L’impatto dell’epidemia su ricchi e poveri, città e campagna, è una realtà su cui gran parte del resto del mondo sta rapidamente iniziando a confrontarsi e non riguarda solo noi. Più di 770 milioni di studenti in tutto il mondo sono ora colpiti dalla chiusura di scuole e università, secondo le Nazioni Unite.
In Cina, in particolare, molti genitori non possono permettersi di acquistare più dispositivi per sè stessi e i propri figli, anche se molti degli smartphone più economici al mondo – e anche quelli più fantasiosi – sono realizzati proprio in Cina. La nazione è coperta dal servizio 4G, ma il segnale è imprevedibile in alcune zone della campagna – e le aree rurali in realtà non sono poche nonostante l’espansione dei grandi conglomerati urbani.

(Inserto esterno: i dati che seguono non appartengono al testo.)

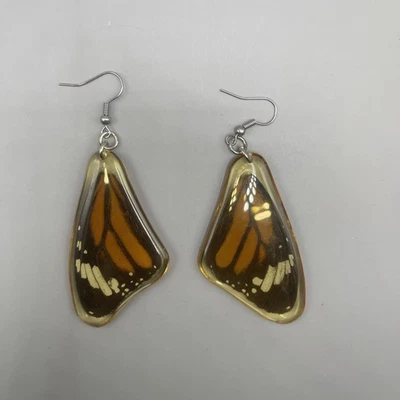 Pendientes de ala de mariposa real recubiertos de resina colgantes joyería de mariposa Foto 1 de 4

La banda larga domestica, inoltre, può essere costosa al di fuori delle grandi città.
Secondo le statistiche governative, tra 56 e 80 milioni di persone in Cina hanno riferito di non avere una connessione Internet o un dispositivo abilitato al web nel 2018. Altri 480 milioni di persone hanno dichiarato di non essere online per altri motivi, ad esempio perché non sapevano come fare. In questo caso, quindi, ai limiti infrastrutturali si aggiungono evidenti limiti relativi alle competenze dei cittadini, che fa una certa differenza anche semplicemente tra non essere in grado di ordinare una cena online o non riuscire a terminare l’anno scolastico.
Stando ad alcuni report dei media locali, gli studenti in alcuni luoghi remoti hanno camminato per ore e hanno sfidato il freddo solo per ascoltare le lezioni online sui monti, gli unici posti in cui possono ottenere un segnale cellulare decente. Un liceale nella provincia del Sichuan, ad esempio, è stato trovato a fare i compiti sotto un affioramento roccioso. Due bambine nella provincia di Hubei hanno allestito un’aula di fortuna su una collina boscosa.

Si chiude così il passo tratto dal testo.